Savings generated by hot work safety training in the past 25 years amount to millions of euros in Finland
Hot work safety training is an excellent example of what can be achieved by extensive safety training. Before such training began in the late 1980s, hot work caused up to 40 percent of all major fires in Finland. Today, the figure is 5 percent. Over the years, more than 900 000 people have completed the training. The hot work safety training is supervised and developed by the hot work committee of the Finnish National Rescue Association (SPEK).
The hot work training course teaches participants how to prevent fires at temporary hot work sites. However, some of the practices can be extended to other parts of the worksite environment. The training includes emergency extinguishing practise also.
In the past 25 years, more than 910 000 persons have learned about practical fire safety on one or several hot work safety training courses. Those who successfully complete the training are granted a hot work licence, which is valid for five years. After this time the training must be renewed. There are currently over 400 000 valid hot work licence-holders throughout Finland.

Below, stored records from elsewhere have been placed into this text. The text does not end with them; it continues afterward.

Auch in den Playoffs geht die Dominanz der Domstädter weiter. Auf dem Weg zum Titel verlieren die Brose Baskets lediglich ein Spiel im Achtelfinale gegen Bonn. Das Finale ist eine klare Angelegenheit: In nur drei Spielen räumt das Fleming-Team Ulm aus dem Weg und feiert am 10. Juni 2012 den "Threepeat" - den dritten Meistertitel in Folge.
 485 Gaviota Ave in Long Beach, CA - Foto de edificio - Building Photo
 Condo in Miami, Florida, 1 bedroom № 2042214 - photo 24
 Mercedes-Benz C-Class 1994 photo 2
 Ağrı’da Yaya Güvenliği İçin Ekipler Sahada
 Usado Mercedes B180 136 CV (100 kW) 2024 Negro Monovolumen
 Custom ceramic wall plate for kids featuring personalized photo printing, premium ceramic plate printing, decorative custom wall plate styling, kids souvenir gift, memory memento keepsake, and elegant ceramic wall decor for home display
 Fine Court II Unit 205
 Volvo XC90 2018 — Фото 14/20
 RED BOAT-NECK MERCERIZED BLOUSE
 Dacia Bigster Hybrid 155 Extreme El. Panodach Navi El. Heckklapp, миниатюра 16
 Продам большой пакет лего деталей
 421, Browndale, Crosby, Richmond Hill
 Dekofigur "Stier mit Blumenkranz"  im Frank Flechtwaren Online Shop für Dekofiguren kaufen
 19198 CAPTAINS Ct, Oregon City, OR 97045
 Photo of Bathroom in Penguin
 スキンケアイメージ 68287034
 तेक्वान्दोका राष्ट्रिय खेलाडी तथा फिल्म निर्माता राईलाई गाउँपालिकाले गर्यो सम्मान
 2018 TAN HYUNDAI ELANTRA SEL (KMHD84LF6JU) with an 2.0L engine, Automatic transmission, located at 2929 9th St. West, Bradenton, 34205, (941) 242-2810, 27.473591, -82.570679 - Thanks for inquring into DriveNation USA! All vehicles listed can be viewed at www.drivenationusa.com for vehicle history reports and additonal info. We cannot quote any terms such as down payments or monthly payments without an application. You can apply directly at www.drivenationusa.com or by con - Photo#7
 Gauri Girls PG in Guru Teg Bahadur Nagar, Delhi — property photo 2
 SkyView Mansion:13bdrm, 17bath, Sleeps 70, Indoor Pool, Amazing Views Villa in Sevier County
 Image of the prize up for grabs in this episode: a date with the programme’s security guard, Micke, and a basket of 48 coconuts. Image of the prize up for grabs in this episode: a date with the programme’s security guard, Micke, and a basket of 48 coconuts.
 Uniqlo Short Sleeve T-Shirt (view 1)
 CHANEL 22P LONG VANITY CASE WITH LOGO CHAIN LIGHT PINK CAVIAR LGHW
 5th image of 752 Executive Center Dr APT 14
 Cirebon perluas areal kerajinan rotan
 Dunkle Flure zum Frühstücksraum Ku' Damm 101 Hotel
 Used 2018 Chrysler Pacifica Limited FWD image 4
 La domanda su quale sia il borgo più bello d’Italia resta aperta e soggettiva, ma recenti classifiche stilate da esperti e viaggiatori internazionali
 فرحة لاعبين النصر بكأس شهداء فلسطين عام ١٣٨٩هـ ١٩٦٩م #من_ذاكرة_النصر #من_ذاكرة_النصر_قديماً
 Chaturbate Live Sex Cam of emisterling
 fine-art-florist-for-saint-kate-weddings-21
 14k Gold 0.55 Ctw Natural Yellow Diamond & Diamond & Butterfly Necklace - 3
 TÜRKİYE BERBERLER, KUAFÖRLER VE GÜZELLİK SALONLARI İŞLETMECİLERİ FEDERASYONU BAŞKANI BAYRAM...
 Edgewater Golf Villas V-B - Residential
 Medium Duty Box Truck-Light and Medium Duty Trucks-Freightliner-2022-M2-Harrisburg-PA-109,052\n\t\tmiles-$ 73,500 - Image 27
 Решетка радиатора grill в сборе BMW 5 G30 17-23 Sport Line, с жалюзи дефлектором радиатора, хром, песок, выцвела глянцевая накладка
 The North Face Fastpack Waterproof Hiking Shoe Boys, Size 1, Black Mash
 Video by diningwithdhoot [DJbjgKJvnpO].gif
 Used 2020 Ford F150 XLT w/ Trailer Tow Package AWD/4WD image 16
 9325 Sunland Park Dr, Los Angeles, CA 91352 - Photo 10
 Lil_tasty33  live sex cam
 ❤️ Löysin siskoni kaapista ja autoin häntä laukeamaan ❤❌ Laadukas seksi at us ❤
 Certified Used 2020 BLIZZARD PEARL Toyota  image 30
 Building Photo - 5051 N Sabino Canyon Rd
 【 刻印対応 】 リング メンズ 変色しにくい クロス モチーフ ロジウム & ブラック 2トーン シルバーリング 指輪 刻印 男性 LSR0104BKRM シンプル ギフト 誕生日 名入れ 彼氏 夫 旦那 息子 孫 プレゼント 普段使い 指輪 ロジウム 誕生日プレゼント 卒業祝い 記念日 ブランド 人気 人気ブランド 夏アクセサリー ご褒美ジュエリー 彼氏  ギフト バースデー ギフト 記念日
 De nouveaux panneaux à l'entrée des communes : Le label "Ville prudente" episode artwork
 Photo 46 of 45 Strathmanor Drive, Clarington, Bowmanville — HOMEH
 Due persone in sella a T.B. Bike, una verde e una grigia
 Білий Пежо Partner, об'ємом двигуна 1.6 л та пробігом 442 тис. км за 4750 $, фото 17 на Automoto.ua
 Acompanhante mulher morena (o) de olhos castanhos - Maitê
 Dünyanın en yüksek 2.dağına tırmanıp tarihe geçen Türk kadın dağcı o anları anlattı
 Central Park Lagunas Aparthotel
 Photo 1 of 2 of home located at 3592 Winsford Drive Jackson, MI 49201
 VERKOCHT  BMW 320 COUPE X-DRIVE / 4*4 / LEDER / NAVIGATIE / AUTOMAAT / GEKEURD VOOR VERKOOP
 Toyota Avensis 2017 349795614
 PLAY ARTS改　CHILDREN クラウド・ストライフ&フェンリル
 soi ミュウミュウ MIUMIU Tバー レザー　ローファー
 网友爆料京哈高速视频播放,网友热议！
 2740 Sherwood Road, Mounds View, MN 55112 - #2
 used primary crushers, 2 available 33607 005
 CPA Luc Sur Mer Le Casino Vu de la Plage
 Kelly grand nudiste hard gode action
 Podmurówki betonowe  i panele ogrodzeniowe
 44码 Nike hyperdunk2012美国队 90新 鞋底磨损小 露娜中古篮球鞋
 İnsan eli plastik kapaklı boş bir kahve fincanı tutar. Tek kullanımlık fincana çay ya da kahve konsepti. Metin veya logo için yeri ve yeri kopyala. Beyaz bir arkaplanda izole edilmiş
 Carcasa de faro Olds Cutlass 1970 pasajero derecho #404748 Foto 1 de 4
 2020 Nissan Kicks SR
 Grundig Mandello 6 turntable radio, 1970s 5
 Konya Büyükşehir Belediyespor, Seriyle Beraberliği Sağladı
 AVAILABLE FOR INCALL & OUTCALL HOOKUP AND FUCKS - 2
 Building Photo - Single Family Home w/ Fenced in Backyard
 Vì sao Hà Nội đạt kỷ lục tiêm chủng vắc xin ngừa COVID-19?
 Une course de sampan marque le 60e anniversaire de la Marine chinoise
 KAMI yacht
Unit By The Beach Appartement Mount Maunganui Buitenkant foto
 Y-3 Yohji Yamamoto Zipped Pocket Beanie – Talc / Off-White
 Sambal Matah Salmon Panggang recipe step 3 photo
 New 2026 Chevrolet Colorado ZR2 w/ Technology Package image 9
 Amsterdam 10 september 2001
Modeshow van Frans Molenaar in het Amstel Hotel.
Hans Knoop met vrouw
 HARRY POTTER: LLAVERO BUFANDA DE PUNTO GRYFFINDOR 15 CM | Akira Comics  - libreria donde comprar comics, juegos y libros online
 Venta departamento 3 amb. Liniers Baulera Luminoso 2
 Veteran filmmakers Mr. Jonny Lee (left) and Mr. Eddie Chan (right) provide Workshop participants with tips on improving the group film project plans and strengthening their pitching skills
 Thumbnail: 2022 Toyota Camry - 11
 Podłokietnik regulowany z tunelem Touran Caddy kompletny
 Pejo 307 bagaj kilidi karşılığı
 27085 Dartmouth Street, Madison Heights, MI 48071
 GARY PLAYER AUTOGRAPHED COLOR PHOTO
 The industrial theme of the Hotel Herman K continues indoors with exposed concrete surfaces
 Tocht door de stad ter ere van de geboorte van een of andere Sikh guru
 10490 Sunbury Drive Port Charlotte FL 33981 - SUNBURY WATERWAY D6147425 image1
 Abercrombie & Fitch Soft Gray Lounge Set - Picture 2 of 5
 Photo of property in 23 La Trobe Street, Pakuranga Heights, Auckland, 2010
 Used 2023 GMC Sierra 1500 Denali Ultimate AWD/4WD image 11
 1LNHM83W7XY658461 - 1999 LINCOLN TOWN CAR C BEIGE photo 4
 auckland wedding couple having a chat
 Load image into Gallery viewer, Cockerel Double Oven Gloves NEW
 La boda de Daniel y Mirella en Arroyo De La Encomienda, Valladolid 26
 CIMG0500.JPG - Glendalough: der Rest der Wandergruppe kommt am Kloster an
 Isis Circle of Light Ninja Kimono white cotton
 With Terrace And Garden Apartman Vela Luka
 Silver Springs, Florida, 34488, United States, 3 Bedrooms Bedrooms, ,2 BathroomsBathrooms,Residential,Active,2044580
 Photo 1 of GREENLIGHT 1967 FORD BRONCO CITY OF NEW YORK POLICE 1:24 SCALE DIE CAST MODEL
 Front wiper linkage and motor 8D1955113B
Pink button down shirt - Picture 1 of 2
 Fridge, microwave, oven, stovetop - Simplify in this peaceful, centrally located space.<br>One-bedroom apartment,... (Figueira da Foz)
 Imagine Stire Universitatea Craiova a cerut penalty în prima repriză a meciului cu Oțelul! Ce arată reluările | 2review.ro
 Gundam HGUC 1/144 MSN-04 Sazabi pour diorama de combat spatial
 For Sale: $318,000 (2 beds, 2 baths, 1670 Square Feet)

Thanks to hot work safety training, the proportion of major fires caused by hot work has been cut from 40 to 5 percent. Based on this, it can be calculated that the training has contributed to material savings amounting to hundreds of millions of euros, as fires have either been completely avoided or workers have been able to extinguish them before major damage could be done. It is also reasonable to assume that the training has saved lives.
At present, hot work safety training courses are taught by 1200 trainers. Nearly half of the trainers are teachers working for educational institutions, and most hot workers complete the training as part of their vocational studies. For the needs of foreign workers, training materials have in the 2000s been translated into various languages, including English, Russian, Polish, and Estonian.
The hot work safety training is supervised and developed by the hot work committee of the Finnish National Rescue Association (SPEK). In addition to SPEK, the committee includes representatives of The Federation of Finnish Financial Services and The Finnish Association of Fire Chiefs. SPEK maintains a training register and monitors training quality.